Milton yang titisan Lucifer ini mengatakan, akan sangat mudah buat kaum iblis untuk membujuk masuk ke jalan yang sesat ketika kesombongan memenuhi rongga dada anak – anak Adam. Demikian nistanya dosa itu, bahkan seorang manusia terancam tak akan berhak mendapat tiket masuk firdaus.

Salah satu  rasa sombong itu bernama Narsisisme atau kosa kata populernya sekarang ini Narsis. Sigmun Freud (tokoh psikolog yang saya hormati atas beberapa teori konselingnya) yang memperkenalkan kata ini kepada dunia psikologi modern. Freud mengatakan, tidak ada yang salah dari rasa mencintai diri sendiri. Bahkan semua orang membawa sifat ini semenjak mereka lahir. Ia bahkan menambahkan, sifat ini merupakan sumber harapan sekaligus energi yang menggerakkan insting manusia untuk bertahan hidup.
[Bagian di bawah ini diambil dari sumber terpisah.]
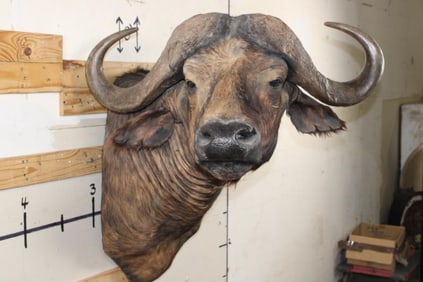 CAPE BUFFALO Shoulder Mount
Masalahnya kemudian akan timbul, ketika konteks self-love ini terbawa oleh manusia dalam kehidupan sosial. Maka “ke-Kita-an” akan berubah menjadi “ke-Aku-an”. Saya yang terbaik, terindah, terpintar, terbenar, terhebat, ter…, ter…., ter… Ketika Aku adalah segalanya, maka logika menjadi kacau, nurani jadi nisbi, dan halalnya cara adalah lelucon yang tak lagi akan pernah lucu.

Kapan sdr mulai merasa rambut rontok dan mulai terganggu oleh rambut rontok? Kapan sdr mulai merasa sudah mulai keriput dan bertambah tua? Sepanjang jaman tidak pernah berkurang keinginan manusia untuk mempercantik diri dan ingin tetap lebih muda daripada usianya. Itu hanya satu gejala kecil dari reaksi spirit yang tidak ingin berada di bawah limitasi proses waktu yang ujungnya nanti adalah kematian. Karena manusia adalah percampuran antara natur dan spirit maka manusia adalah satu-satunya mahluk di atas muka bumi ini yang menciptakan perasaan anxiety di dalam hidupnya. Kita selalu kuatir, kita selalu gelisah.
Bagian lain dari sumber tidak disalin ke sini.